Seated Man with a Cane, an £18m painting by Modigliani, has for years been at the centre of a legal battle between the Nahmads, a family of New York art dealers, and the descendants of Oscar Stettiner, the Jewish gallery owner from whom the painting was seized by the Nazis in 1940.
The Nahmads have long insisted that they don’t own the painting because the International Art Center, a company incorporated in Panama, bought it at auction. But the Panama Papers revealed the Nahmads to be the owners of the company, and within days the Modigliani, which had been languishing in a tax-free Geneva warehouse known as a “freeport”, was seized by Swiss police.

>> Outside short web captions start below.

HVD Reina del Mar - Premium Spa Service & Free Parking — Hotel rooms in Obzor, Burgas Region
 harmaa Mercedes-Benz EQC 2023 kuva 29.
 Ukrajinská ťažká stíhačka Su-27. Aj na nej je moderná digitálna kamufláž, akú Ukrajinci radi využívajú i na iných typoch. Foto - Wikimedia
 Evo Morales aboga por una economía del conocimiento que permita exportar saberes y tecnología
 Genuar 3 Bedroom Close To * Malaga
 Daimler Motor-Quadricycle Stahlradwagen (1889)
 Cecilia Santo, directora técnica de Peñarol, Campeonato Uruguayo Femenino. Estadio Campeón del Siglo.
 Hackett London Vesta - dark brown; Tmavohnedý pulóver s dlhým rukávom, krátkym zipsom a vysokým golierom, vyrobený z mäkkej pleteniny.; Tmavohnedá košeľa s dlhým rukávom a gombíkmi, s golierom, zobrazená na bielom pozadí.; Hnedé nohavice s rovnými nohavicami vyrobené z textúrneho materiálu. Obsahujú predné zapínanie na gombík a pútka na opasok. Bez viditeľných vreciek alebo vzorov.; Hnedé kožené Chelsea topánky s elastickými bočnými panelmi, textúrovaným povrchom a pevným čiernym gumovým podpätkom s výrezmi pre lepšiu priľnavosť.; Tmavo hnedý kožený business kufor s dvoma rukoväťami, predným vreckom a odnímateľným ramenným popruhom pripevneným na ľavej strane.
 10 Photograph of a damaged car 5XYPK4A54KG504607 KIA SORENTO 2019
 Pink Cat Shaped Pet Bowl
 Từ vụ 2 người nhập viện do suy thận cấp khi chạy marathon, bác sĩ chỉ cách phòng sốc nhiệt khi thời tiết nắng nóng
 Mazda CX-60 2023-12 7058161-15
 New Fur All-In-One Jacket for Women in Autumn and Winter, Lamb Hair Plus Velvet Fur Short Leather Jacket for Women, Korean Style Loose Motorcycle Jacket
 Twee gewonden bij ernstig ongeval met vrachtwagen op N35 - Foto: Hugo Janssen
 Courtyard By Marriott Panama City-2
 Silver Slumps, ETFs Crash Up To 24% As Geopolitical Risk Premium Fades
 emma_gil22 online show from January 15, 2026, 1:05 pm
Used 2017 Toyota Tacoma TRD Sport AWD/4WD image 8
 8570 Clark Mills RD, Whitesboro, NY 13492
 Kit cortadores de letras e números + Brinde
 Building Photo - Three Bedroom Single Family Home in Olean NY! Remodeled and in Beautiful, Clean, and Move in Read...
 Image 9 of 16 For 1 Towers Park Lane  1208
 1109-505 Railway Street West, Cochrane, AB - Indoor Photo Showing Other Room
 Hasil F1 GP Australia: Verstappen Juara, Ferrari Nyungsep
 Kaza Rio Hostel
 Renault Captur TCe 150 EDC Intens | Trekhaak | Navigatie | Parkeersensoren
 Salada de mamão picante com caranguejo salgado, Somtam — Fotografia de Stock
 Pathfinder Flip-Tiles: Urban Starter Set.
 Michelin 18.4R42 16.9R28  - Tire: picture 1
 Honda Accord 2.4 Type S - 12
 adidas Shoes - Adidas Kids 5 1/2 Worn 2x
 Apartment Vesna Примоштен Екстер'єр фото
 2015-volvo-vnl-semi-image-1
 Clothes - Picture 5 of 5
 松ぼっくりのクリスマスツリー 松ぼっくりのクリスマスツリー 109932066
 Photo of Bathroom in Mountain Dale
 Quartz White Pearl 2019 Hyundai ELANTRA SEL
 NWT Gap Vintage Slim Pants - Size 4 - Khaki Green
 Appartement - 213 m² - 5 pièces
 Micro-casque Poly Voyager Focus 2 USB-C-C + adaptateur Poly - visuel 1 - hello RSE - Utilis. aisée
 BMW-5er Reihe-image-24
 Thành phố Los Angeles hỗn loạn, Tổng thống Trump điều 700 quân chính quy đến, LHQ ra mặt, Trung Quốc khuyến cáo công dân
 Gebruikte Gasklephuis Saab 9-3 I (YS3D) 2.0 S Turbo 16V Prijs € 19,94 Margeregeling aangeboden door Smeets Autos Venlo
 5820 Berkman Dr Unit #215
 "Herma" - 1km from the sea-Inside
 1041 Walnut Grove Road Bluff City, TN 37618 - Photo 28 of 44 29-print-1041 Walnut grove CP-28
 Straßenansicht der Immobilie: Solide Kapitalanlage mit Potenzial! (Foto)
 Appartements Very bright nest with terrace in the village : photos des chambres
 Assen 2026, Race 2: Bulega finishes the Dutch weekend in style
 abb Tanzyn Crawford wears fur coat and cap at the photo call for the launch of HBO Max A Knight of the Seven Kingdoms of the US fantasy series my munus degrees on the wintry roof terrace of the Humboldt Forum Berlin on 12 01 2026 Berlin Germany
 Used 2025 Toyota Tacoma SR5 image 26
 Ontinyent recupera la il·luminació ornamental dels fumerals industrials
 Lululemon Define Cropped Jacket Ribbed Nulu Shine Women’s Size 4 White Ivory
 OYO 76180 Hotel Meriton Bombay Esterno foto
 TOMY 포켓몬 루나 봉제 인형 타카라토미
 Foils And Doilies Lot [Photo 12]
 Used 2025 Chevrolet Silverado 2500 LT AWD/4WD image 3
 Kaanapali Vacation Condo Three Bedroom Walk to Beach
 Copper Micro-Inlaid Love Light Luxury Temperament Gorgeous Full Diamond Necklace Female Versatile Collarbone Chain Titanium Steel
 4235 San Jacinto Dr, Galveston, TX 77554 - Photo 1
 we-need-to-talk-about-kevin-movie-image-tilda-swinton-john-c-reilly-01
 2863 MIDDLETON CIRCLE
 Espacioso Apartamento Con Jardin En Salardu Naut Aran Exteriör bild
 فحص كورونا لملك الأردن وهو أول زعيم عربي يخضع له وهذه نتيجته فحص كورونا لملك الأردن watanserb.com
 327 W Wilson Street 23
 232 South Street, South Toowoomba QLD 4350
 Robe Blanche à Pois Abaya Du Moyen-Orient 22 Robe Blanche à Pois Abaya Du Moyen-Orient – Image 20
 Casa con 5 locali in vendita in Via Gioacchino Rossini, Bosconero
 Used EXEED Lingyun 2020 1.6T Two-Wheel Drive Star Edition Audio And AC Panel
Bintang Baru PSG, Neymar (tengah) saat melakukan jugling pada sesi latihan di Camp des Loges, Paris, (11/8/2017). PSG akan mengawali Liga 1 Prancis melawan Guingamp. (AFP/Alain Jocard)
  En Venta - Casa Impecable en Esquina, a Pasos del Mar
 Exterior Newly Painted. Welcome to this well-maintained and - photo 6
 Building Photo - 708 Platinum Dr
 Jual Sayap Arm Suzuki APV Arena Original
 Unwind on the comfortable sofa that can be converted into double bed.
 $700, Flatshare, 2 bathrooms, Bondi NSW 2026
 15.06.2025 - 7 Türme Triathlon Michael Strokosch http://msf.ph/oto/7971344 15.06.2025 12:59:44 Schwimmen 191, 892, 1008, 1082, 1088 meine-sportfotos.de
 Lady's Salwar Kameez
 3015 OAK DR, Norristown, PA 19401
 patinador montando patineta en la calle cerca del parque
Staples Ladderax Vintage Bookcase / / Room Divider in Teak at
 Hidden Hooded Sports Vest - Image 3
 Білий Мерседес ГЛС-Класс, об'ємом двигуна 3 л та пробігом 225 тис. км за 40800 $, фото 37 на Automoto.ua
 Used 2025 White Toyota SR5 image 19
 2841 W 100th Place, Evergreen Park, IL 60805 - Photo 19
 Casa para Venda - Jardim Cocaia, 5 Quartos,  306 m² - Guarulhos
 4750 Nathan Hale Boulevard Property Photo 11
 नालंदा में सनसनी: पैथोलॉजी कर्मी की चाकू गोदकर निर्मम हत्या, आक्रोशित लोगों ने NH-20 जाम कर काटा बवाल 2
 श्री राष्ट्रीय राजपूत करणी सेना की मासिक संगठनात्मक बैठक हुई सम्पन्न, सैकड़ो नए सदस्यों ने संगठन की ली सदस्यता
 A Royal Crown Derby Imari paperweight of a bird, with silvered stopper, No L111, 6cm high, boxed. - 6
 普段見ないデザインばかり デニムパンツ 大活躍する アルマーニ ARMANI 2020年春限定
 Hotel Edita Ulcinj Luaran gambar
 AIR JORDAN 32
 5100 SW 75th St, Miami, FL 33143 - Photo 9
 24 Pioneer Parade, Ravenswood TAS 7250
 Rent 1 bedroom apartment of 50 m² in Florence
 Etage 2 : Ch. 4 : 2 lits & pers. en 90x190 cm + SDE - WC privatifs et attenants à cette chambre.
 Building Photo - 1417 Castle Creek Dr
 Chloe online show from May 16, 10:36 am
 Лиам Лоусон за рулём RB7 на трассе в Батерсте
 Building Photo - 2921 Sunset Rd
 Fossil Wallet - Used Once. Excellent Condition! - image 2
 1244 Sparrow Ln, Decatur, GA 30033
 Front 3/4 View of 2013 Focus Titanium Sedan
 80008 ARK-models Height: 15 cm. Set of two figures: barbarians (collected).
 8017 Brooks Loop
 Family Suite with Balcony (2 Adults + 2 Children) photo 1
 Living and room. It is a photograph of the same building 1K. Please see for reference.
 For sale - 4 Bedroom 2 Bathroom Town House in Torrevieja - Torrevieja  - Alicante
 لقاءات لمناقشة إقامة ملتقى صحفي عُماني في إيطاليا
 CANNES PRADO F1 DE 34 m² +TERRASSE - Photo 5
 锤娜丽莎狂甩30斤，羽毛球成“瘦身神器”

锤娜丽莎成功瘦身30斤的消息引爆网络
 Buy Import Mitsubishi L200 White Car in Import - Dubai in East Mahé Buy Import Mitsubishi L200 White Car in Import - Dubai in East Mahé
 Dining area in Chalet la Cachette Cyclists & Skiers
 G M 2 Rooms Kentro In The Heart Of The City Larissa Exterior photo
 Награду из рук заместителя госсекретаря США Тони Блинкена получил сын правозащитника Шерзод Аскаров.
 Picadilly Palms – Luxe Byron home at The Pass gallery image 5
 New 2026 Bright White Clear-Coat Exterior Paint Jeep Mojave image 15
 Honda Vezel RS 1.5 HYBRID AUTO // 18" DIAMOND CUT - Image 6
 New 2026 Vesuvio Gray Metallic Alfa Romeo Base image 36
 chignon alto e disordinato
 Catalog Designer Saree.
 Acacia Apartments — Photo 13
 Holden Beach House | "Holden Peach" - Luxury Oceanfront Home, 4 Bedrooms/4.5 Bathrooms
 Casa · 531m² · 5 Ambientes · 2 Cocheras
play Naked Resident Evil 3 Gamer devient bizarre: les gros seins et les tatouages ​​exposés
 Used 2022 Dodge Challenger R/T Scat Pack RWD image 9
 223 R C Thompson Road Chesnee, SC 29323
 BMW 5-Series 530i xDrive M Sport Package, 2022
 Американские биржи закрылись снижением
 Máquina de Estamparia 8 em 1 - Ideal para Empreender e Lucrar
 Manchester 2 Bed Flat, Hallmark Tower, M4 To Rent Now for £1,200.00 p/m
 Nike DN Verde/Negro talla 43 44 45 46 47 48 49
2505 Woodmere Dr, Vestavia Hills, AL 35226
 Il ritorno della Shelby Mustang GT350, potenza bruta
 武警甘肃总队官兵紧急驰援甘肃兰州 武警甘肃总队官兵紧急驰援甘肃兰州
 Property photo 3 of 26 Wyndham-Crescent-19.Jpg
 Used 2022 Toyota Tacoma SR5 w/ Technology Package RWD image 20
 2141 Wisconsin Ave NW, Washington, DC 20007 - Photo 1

The dispute continues.
About 170kg of silver bullion and $150,000 of coins were among the items seized by Australian police in Camp Mountain, Queensland, earlier this year after they conducted raids against suspected tax evaders based on analysis of the papers. More than $2.5bn was reportedly connected to the 1,000 Australians that appeared in the files, with 100 facing compliance action as a result of the revelations.
HMRC has a miserable record of pursuing offshore tax malfeasance, with just a single tax evader prosecuted after it was handed a disc of data naming thousands of British clients of HSBC Private Bank Suisse. So a swiftly created Panama Papers taskforce, set up by Downing Street to “deal with any wrongdoing” brought to light by the investigation, was looked upon by many with a degree of scepticism.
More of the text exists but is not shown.